Could you give the data below again exactly, apart from the pictures?

======

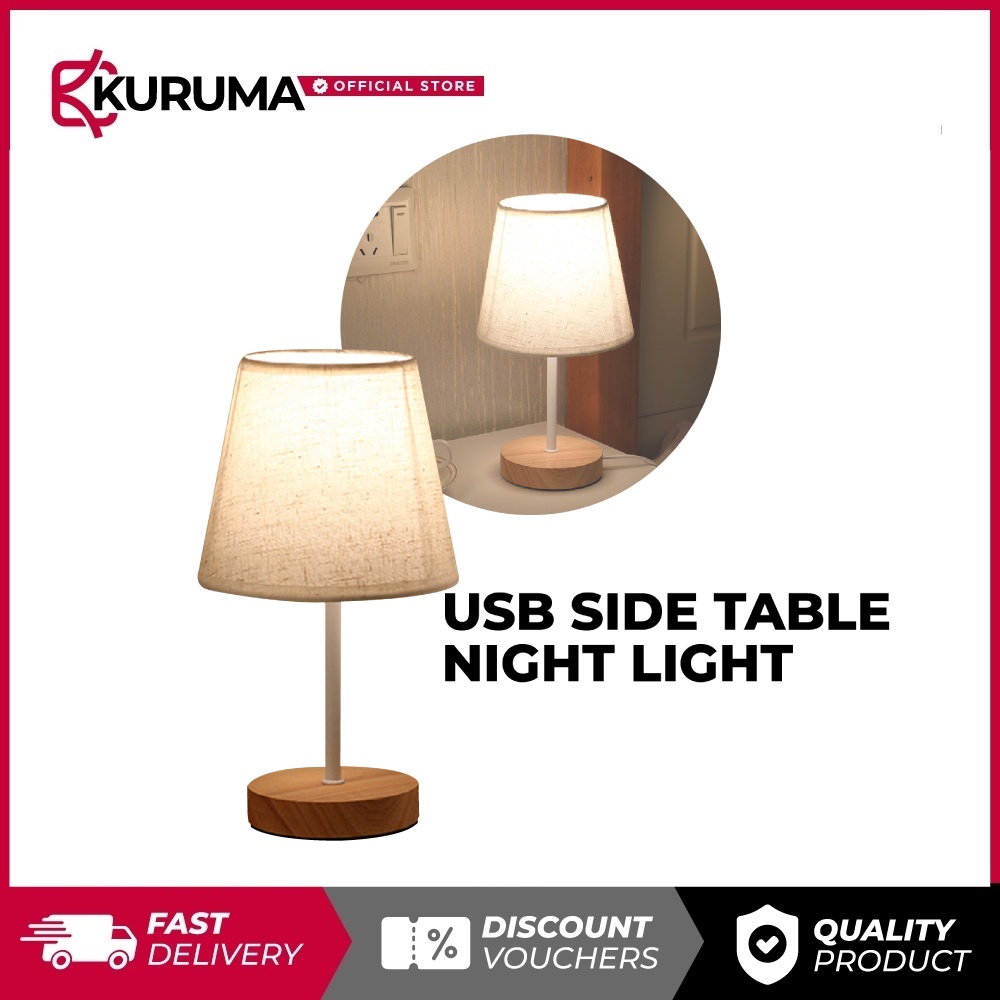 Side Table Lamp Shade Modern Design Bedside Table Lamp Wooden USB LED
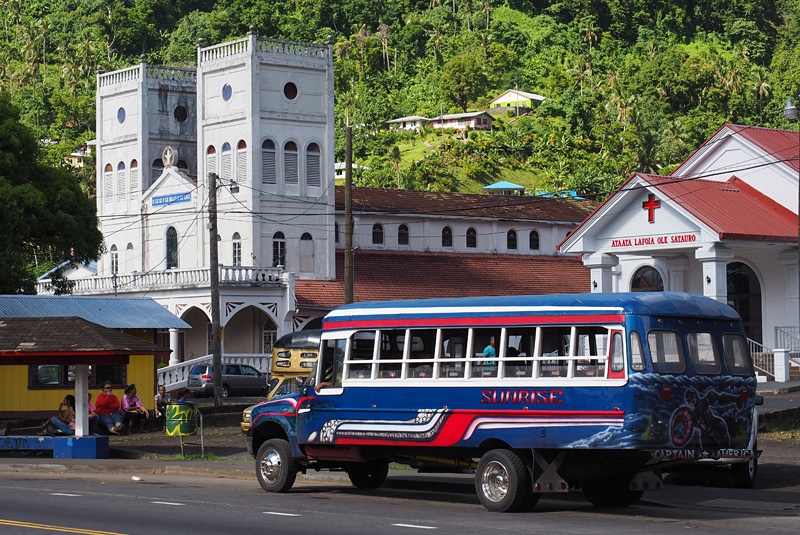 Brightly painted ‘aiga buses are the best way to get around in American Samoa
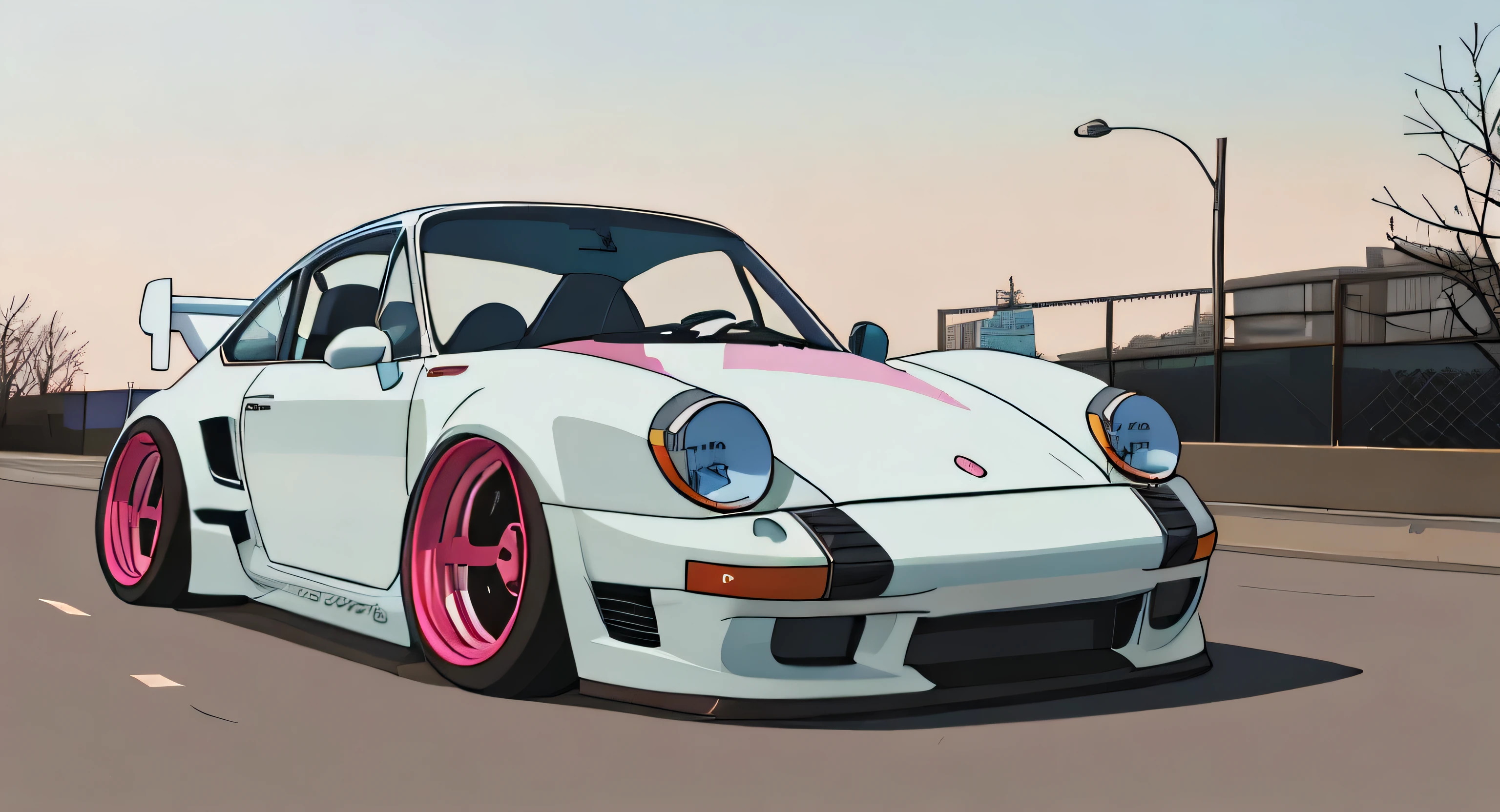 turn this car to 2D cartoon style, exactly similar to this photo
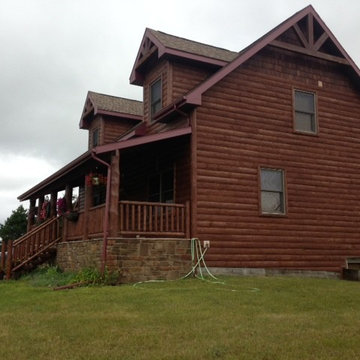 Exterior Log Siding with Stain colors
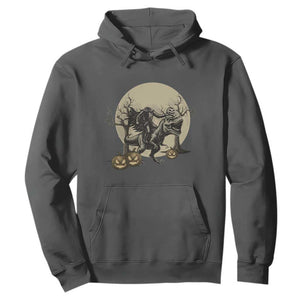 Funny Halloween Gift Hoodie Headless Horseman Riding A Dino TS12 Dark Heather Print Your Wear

======

EXERCISE OUTPUT:
 Side Table Lamp Shade Modern Design Bedside Table Lamp Wooden USB LED
 Brightly painted ‘aiga buses are the best way to get around in American Samoa
 turn this car to 2D cartoon style, exactly similar to this photo
 Exterior Log Siding with Stain colors
 Funny Halloween Gift Hoodie Headless Horseman Riding A Dino TS12 Dark Heather Print Your Wear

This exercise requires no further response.